▶ **SUPPLIED ENTRIES**
--- START ---
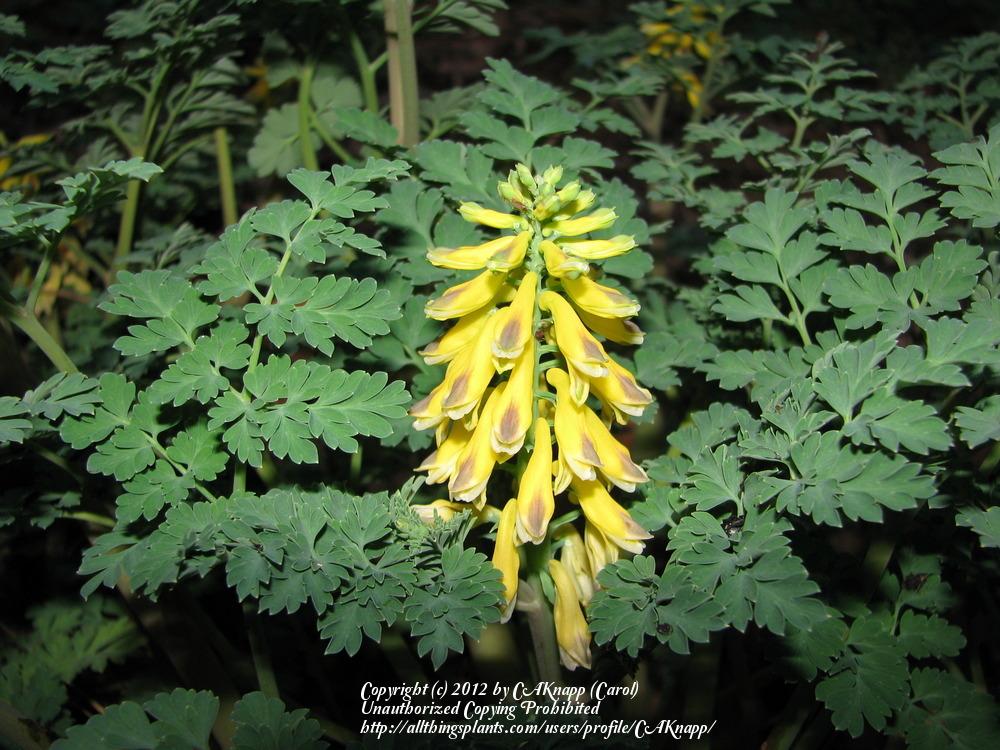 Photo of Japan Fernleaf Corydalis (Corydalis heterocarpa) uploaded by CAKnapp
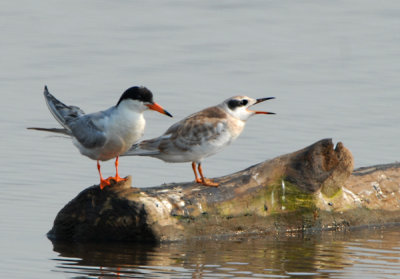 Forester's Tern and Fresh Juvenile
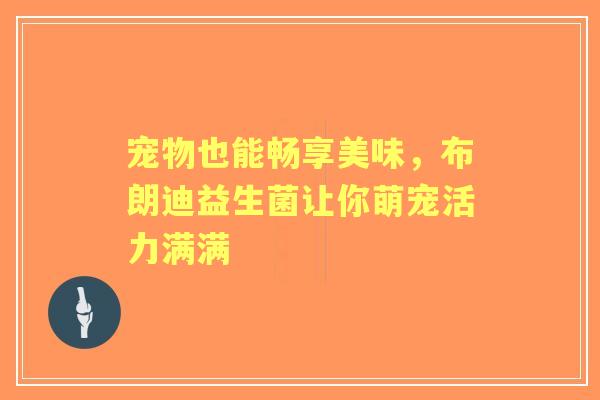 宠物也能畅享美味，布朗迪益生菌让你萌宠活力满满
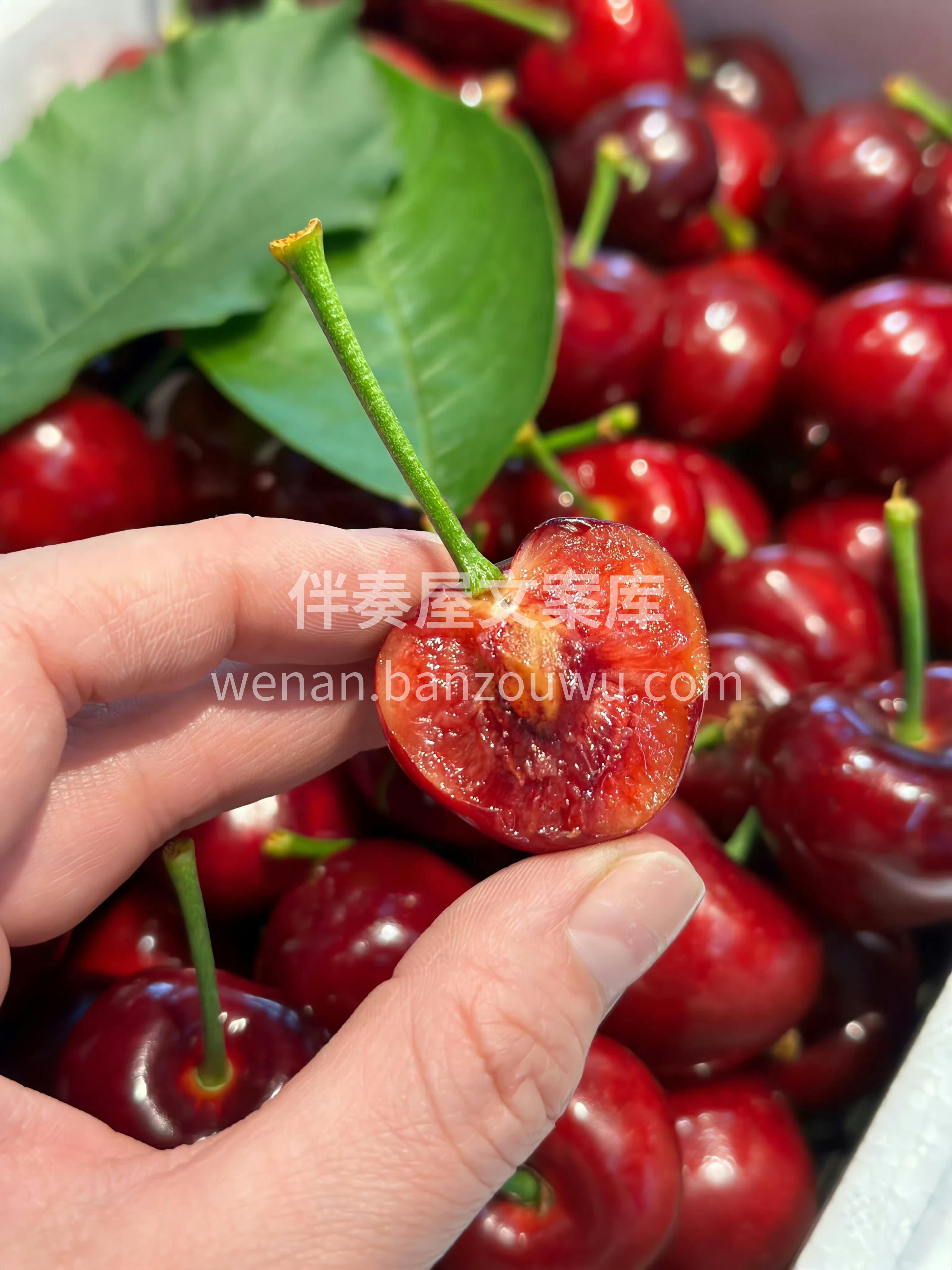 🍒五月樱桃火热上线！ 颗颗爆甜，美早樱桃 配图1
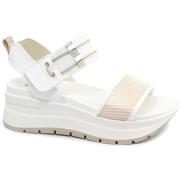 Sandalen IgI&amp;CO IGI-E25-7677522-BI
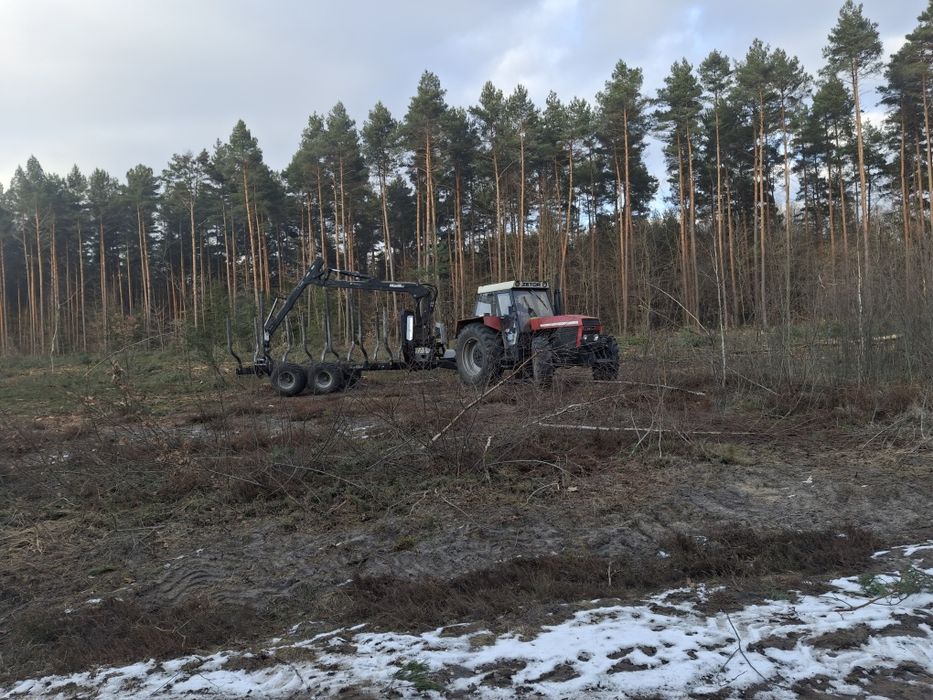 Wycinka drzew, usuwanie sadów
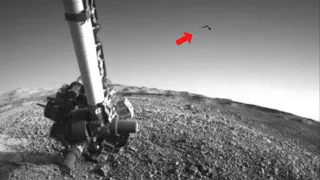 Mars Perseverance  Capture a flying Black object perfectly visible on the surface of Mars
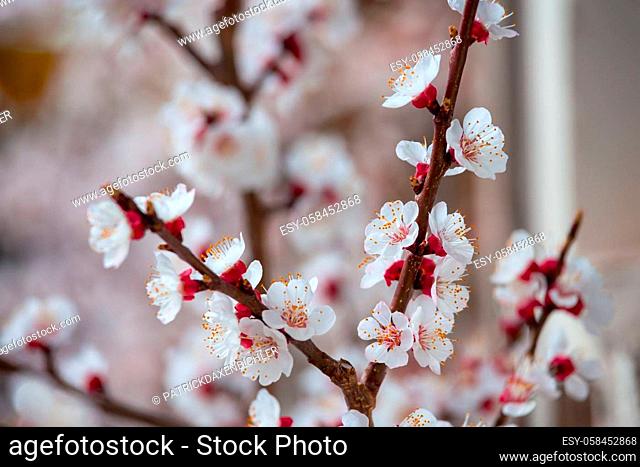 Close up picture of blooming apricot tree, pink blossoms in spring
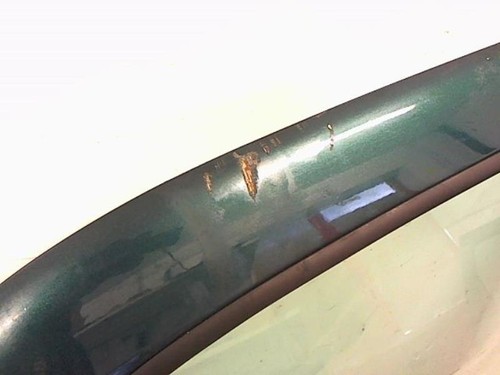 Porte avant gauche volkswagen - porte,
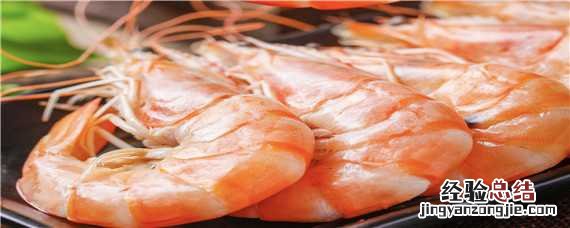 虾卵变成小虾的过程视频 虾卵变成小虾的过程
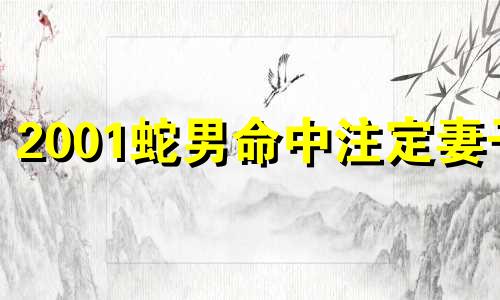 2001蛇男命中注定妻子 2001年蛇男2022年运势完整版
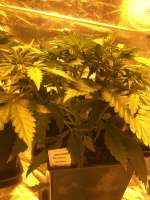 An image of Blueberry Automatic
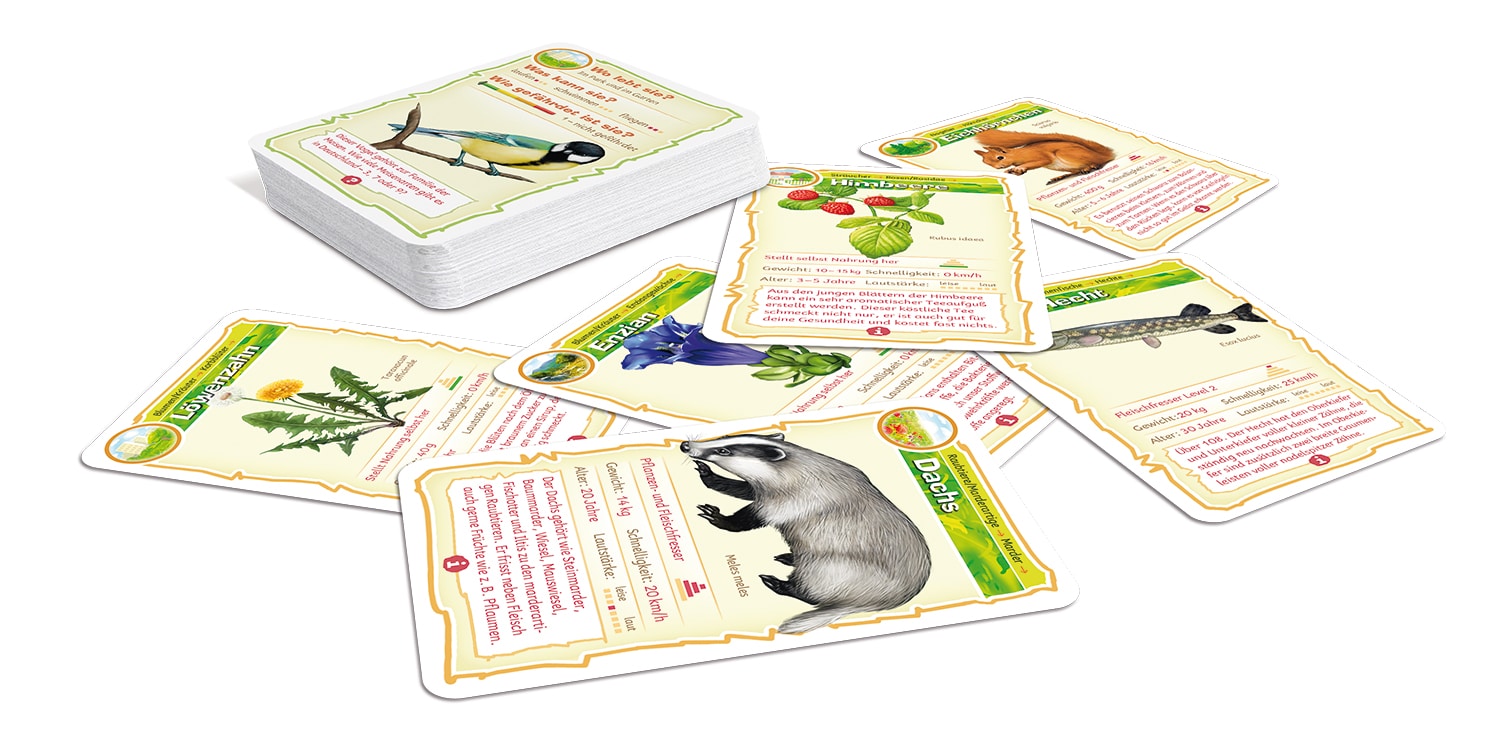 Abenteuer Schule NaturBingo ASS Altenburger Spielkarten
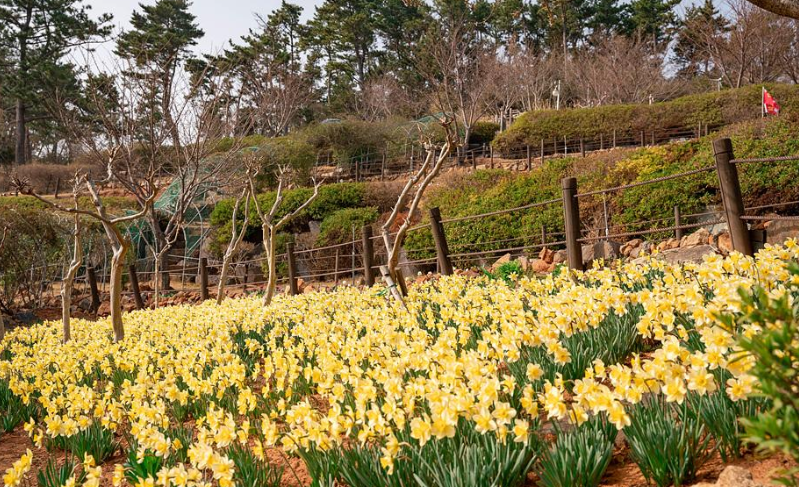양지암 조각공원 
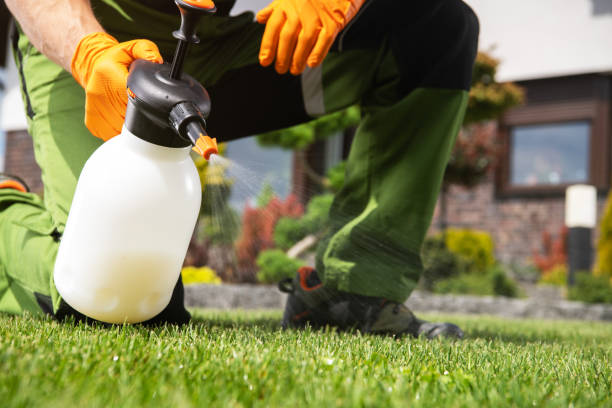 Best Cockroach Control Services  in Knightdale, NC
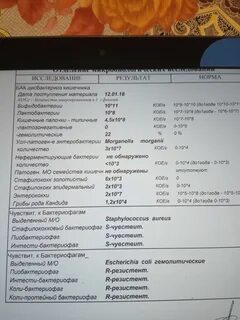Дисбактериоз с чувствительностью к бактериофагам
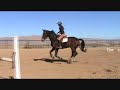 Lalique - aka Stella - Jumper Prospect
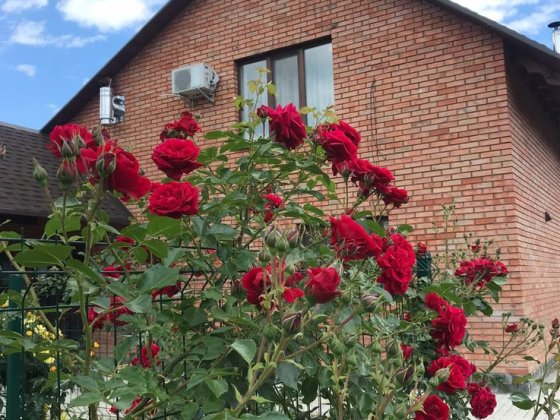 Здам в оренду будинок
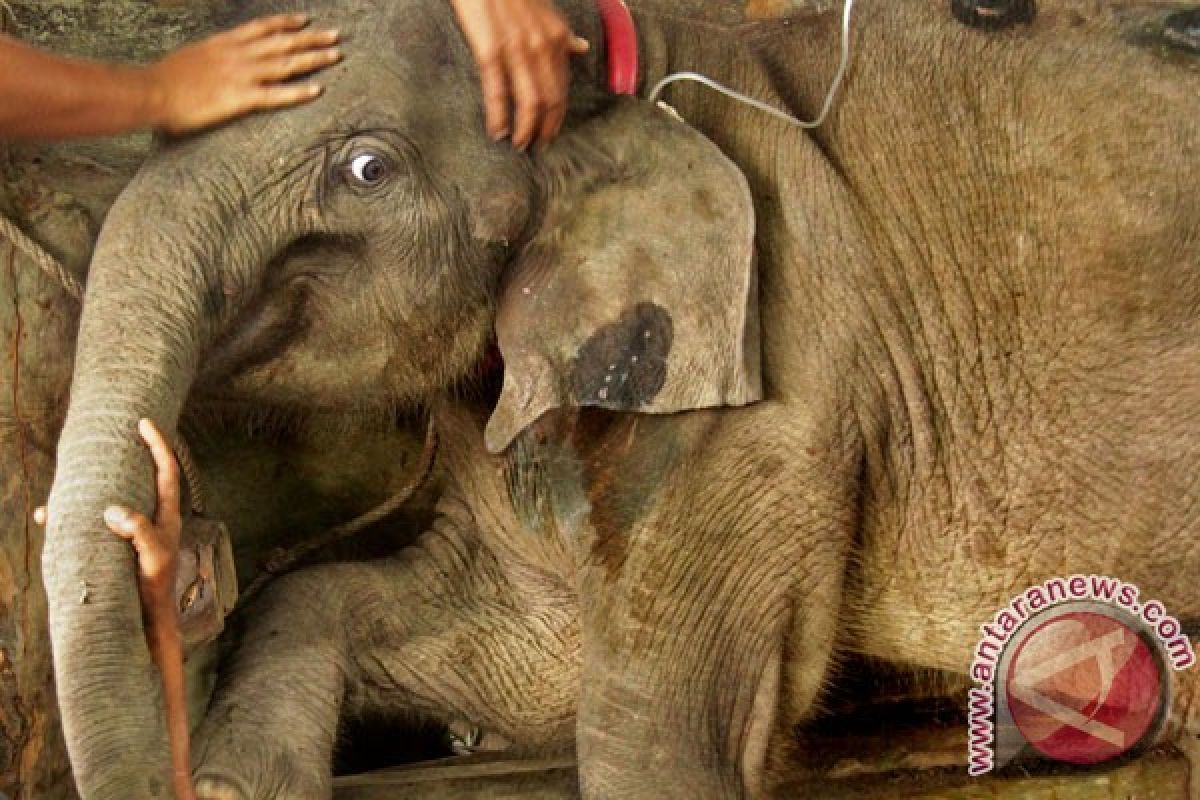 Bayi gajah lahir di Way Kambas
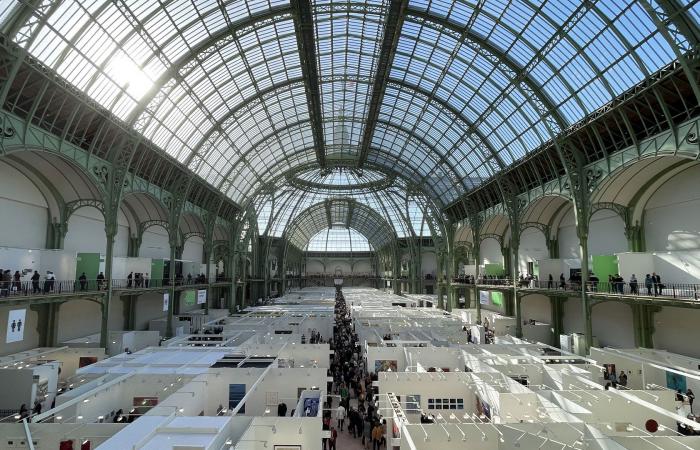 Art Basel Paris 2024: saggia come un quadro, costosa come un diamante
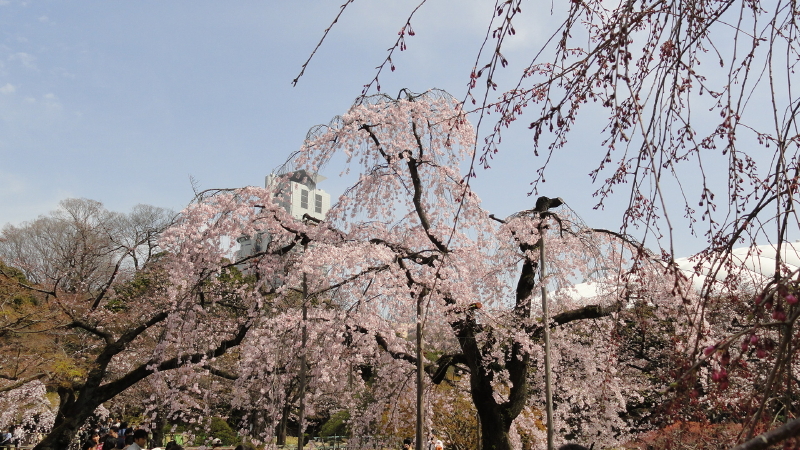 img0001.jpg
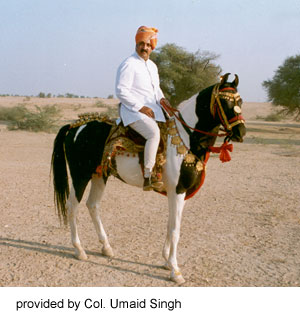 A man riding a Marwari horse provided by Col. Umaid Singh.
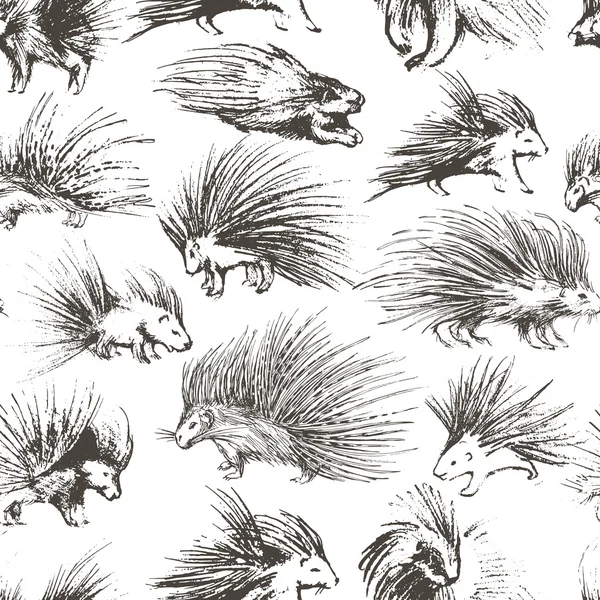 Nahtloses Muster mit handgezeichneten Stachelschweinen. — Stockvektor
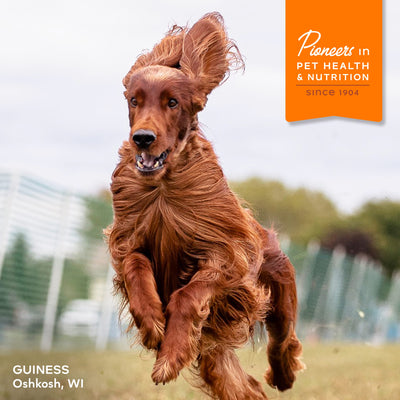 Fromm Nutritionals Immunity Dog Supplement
--- END ---
▶ **ASSIGNED TASK**
Take the lines above from the top of the records through the one with "Porte avant gauche" and repeat them exactly, without any pictures.

▶ **EXERCISE SOLUTION**
 Photo of Japan Fernleaf Corydalis (Corydalis heterocarpa) uploaded by CAKnapp
 Forester's Tern and Fresh Juvenile
 宠物也能畅享美味，布朗迪益生菌让你萌宠活力满满
 🍒五月樱桃火热上线！ 颗颗爆甜，美早樱桃 配图1
 Sandalen IgI&amp;CO IGI-E25-7677522-BI
 Wycinka drzew, usuwanie sadów
 Mars Perseverance  Capture a flying Black object perfectly visible on the surface of Mars
 Close up picture of blooming apricot tree, pink blossoms in spring
 Porte avant gauche volkswagen - porte,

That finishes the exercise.